PROVIDED DATA:
────────────────────
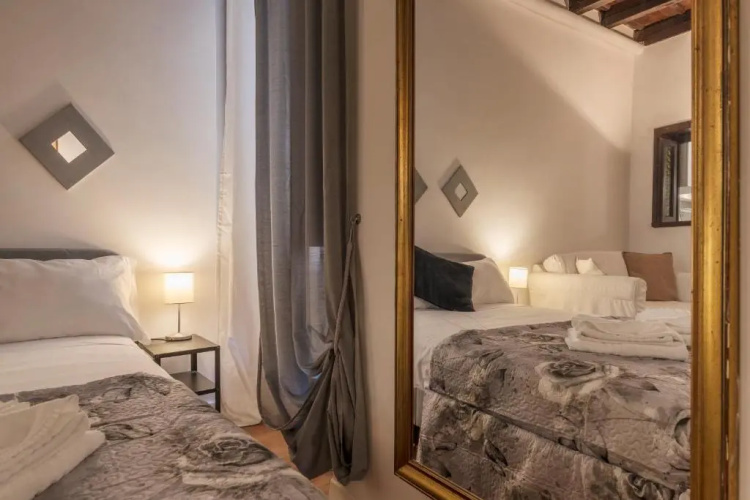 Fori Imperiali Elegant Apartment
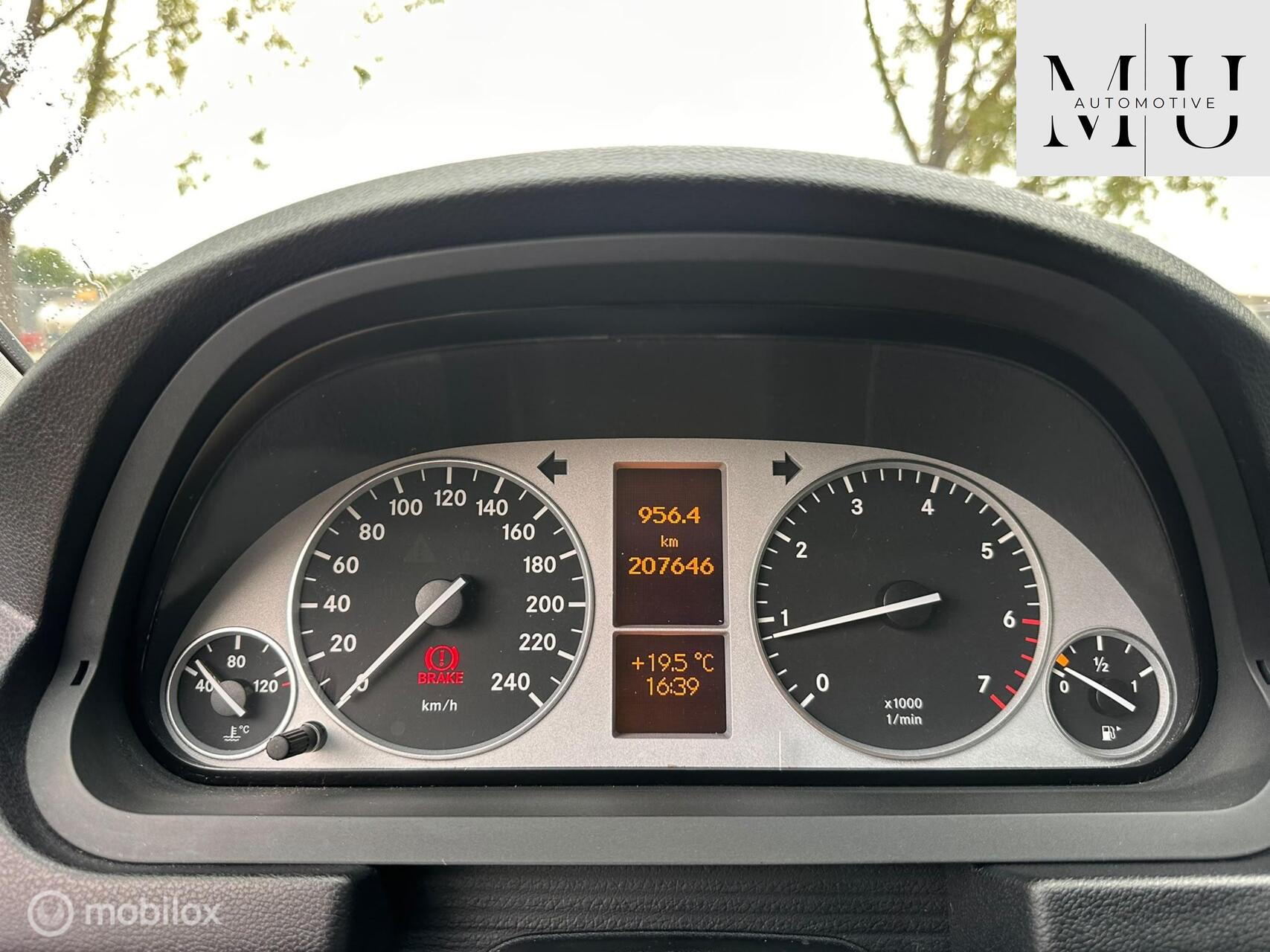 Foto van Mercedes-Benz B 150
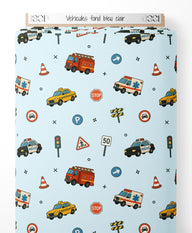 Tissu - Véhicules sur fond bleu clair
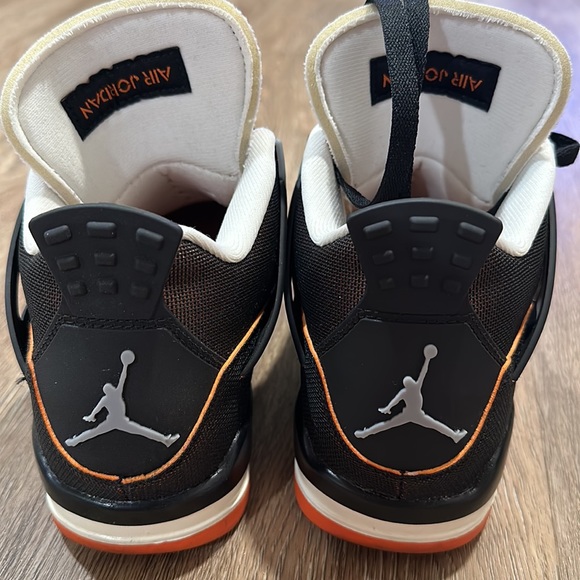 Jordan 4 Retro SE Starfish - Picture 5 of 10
────────────────────
DIRECTIONS:
The lines to copy run from the line containing "Foto van Mercedes-Benz B 150" through the end of the data above; copy exactly those, minus the pictures.

WRITTEN RESPONSE:
 Foto van Mercedes-Benz B 150
 Tissu - Véhicules sur fond bleu clair
 Jordan 4 Retro SE Starfish - Picture 5 of 10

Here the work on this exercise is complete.